Since we want to find the range that includes 95% of the scores, we take two standard deviations above and below the mean.
The lower boundary:
Mean - (2 * standard deviation) = 72 - (2 * 7) = 58
The upper boundary:
Mean + (2 * standard deviation) = 72 + (2 * 7) = 86
Therefore, 95% of students have reading placement scores between 58 and 86.
c) To find Sammy's z-score for his reading placement score of 82, we can use the formula:
z = (x - mean) / standard deviation,
where x is the reading placement score, mean is the mean of the distribution (72), and the standard deviation is given (7).
Calculating:
z = (82 - 72) / 7 = 1.43
So, Sammy's z-score is 1.43.
d) To find the proportion of students at this college who have a reading placement score of at least 82, we need to find the area under the normal distribution curve to the right of 82.

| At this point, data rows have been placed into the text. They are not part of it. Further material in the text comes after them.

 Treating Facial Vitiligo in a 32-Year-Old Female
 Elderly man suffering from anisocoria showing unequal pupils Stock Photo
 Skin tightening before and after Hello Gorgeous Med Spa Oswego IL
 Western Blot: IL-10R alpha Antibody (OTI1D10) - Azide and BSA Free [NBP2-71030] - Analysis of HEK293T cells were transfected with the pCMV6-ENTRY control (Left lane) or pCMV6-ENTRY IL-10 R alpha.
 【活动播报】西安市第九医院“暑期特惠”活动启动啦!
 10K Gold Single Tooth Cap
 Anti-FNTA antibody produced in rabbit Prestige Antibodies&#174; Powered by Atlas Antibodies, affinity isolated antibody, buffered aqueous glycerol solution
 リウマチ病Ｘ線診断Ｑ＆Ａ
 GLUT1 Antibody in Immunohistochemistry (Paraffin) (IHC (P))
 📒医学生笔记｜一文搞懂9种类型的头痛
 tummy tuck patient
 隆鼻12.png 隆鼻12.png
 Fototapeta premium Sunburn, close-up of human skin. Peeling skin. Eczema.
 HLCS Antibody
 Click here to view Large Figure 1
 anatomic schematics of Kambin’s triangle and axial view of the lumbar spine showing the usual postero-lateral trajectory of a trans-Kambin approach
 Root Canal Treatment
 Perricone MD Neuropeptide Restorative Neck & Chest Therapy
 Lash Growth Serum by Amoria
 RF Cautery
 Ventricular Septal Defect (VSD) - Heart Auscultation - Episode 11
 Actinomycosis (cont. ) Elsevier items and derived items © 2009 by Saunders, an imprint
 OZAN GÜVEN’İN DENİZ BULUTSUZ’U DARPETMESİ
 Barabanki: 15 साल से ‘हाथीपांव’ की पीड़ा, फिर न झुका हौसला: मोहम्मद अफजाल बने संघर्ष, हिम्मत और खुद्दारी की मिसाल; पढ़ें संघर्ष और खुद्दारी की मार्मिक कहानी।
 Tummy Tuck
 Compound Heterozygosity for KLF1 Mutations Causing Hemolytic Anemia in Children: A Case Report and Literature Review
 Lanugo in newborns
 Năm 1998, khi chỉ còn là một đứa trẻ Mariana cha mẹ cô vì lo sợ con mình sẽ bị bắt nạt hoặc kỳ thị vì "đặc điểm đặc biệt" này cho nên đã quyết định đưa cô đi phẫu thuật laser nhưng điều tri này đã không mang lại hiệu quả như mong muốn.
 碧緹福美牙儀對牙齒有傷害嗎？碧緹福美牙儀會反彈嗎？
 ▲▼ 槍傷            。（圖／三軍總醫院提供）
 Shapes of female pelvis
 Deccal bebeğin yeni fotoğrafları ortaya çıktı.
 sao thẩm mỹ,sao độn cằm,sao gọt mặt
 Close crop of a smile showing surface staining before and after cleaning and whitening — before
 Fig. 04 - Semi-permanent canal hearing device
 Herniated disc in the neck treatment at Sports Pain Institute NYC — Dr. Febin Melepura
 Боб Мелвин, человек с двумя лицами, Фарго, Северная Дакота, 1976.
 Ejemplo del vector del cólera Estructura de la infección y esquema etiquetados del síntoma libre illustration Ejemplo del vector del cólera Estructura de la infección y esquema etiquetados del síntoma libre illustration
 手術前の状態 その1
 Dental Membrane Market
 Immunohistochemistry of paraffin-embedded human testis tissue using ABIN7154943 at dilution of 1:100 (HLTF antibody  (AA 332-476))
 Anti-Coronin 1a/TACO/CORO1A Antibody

We can use a standard normal distribution table or a statistical software to find this area. The z-score we just calculated for Sammy is 1.43, which represents the standardized score for 82 in a standard normal distribution.
Using a standard normal distribution table or software, we find that the proportion to the right of 1.43 is approximately 0.9236.
Therefore, approximately 0.9236 (or 92.36%) of students at this college have a reading placement score of at least 82.
e) To find Elisa's reading placement score given her z-score of -1.5, we use the formula:
x = (z * standard deviation) + mean,
where z is the z-score (in this case, -1.5), standard deviation is given (7), and mean is the mean of the distribution (72).
Calculating:
x = (-1.5 * 7) + 72 = 61.5
So, Elisa's reading placement score is 61.5.
f) To determine the reading placement score required to be in the 85th percentile, we need to find the z-score that corresponds to the 85th percentile and then use it to find the reading placement score.
The 85th percentile means that 85% of the data falls below that score. This implies that 15% of the data falls above it.
Using a standard normal distribution table or software, we find the z-score that corresponds to the 85th percentile as approximately 1.04.
To find the reading placement score:
x = (z * standard deviation) + mean,
Calculating:
x = (1.04 * 7) + 72 = 79.28
Therefore, a student's reading placement score needs to be approximately 79.28 to be in the 85th percentile.